Parece caído del cielo, dada la especial atención que los autores han puesto al caso de Chile. Para ellos, un marco “extractivo” no tiene nada que ver con cómo lo entiende la izquierda. No se refiere a un país que aprovecha sus ventajas competitivas para extraer recursos naturales. Un país con instituciones “extractivas” es aquel donde unos pocos grupos concentran el poder para “extraer” la riqueza del resto de la nación, ya sea mediante la captura del Estado, el elitismo, la falta de oportunidades, etc.
En estos países, tanto el poder económico como el político tienden a estar concentrados, el Estado de derecho es débil, los derechos de propiedad no están bien garantizados, la justicia es corrupta o poco independiente, y hay poca innovación, inversión y movilidad social.
Por el contrario, los países con instituciones inclusivas son aquellos que promueven que tanto el poder político como económico pueda ser compartido por la mayor parte de la población. Hay un sistema político transparente, justicia independiente, baja corrupción, altos niveles de rendición de cuentas por parte del sistema político, y contratos que se respetan. Todo esto fomenta la certidumbre, la innovación e inversión. Desde el punto de vista económico, se incentiva el mérito, hay apertura a la educación de calidad, los mercados son libres de interferencia corporativistas, etc.

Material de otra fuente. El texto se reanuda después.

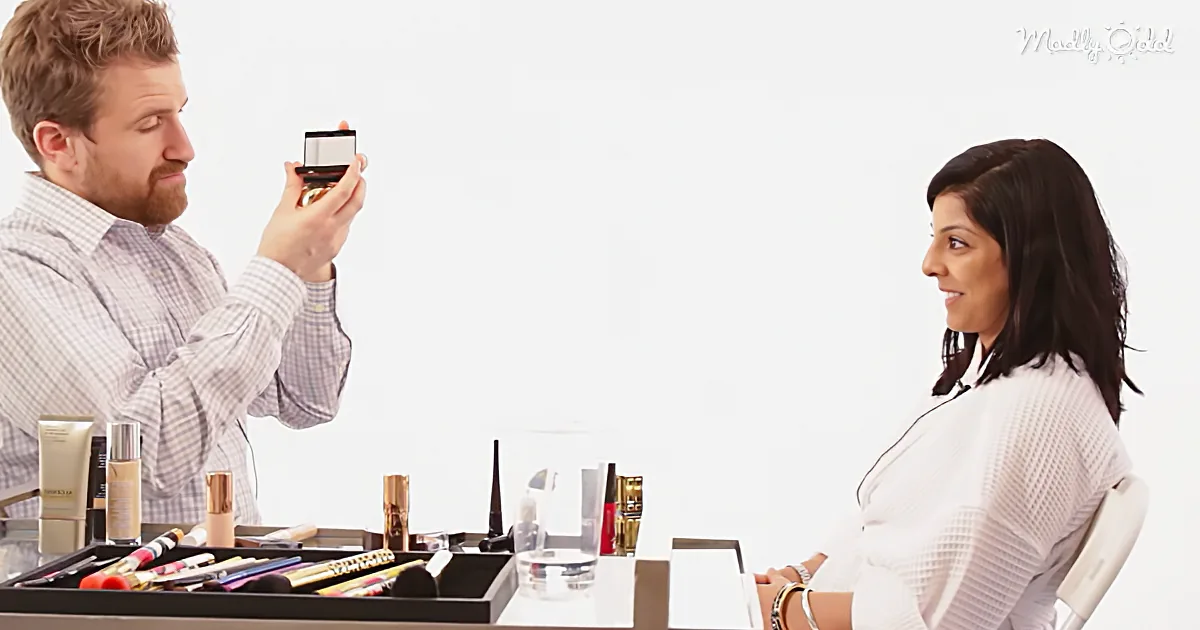 A man holds a compact mirror, examining it, while a woman sits nearby, surrounded by makeup products.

La tesis central es que, en ambos casos, las instituciones políticas con las económicas se refuerzan mutuamente, lo que hace muy difícil romper el círculo de retroalimentación entre ellas. En un caso, es un círculo vicioso, y en otro, uno virtuoso. Así que, en ambos casos, “las instituciones funcionan”. Sólo que, en uno, lo hacen mal, logrando objetivos indeseables como perpetuar la pobreza y la desigualdad, mientras que en el otro pueden conducir al desarrollo. ¿La diferencia? Pues radica, básicamente, en decisiones de índole política.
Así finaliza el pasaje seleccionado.